6 października obchodzimy Światowy Dzień Śmiechu. Zatem śmiejmy się dziś jak najwięcej.
„Śmiech, uśmiech – w fizjologii wyraz twarzy, w psychiatrii i psychologii – afekt, który jest ekspresją emocji i nastrojów; powstaje przez napięcie mięśni przede wszystkim w okolicach kącików ust, lecz również wokół oczu.
Śmiech jest u ludzi jednym z przejawów radości lub szczęścia. Może być również niekontrolowanym przejawem strachu.
Badania wykazały, że śmiech jest naturalną reakcją na pewne rodzaje stymulacji, niezależne od danej kultury. Nie jest to reakcja wyuczona, gdyż dzieci niewidome od urodzenia również się śmieją.

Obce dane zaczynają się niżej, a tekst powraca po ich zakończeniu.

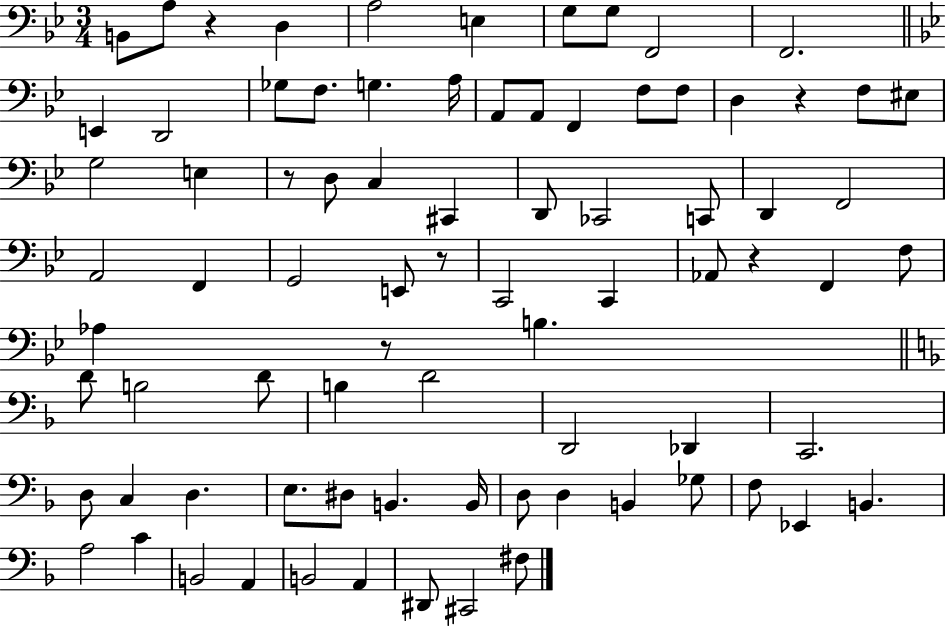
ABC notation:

X:1
T:Untitled
M:3/4
L:1/4
K:Bb
B,,/2 A,/2 z D, A,2 E, G,/2 G,/2 F,,2 F,,2 E,, D,,2 _G,/2 F,/2 G, A,/4 A,,/2 A,,/2 F,, F,/2 F,/2 D, z F,/2 ^E,/2 G,2 E, z/2 D,/2 C, ^C,, D,,/2 _C,,2 C,,/2 D,, F,,2 A,,2 F,, G,,2 E,,/2 z/2 C,,2 C,, _A,,/2 z F,, F,/2 _A, z/2 B, D/2 B,2 D/2 B, D2 D,,2 _D,, C,,2 D,/2 C, D, E,/2 ^D,/2 B,, B,,/4 D,/2 D, B,, _G,/2 F,/2 _E,, B,, A,2 C B,,2 A,, B,,2 A,, ^D,,/2 ^C,,2 ^F,/2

Uśmiech wiąże się z tym, że mózg wydziela endorfinę, która zmniejsza ból fizyczny i cierpienie psychiczne i zwiększa poczucie zadowolenia, co jest reakcją obronną organizmu w sytuacji, gdy organizm odbierze bodziec, który zinterpretuje jako zagrożenie i się go zlęknie.”

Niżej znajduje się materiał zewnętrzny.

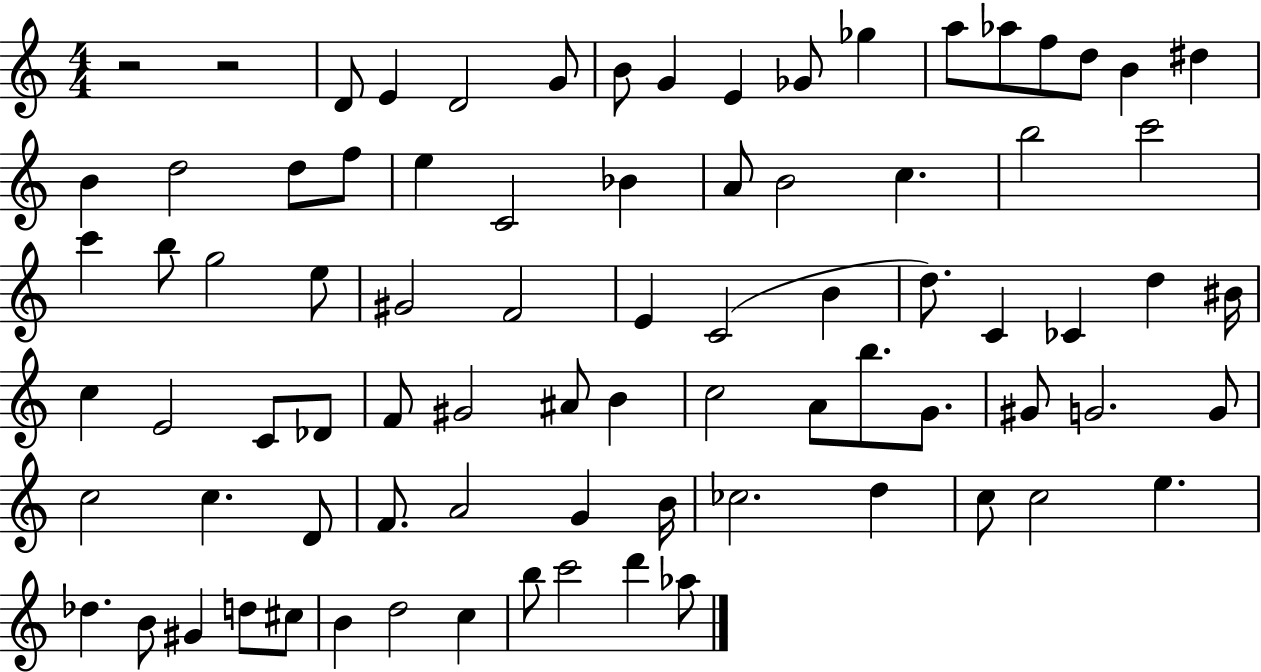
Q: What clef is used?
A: treble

Dziś o śmiechu, jego wpływie na ludzkie ciało, o korzyściach z niego płynących rozmawiamy z Gośćmi Radia Radom – Joanną Tam i Joanną Wolską, trenerkami jogi śmiechu.
20 minutowa sesja na jodze śmiechu to taki wysiłek, jakbyśmy ćwiczyli na siłowni. Podczas jogi śmiechu wydzielają się endorfiny, organizm się dotlenia.
Jednak są pewne przeciwwskazania. Z zajęć jogi śmiechu nie mogą skorzystać osoby z chorobami serca czy kręgosłupa.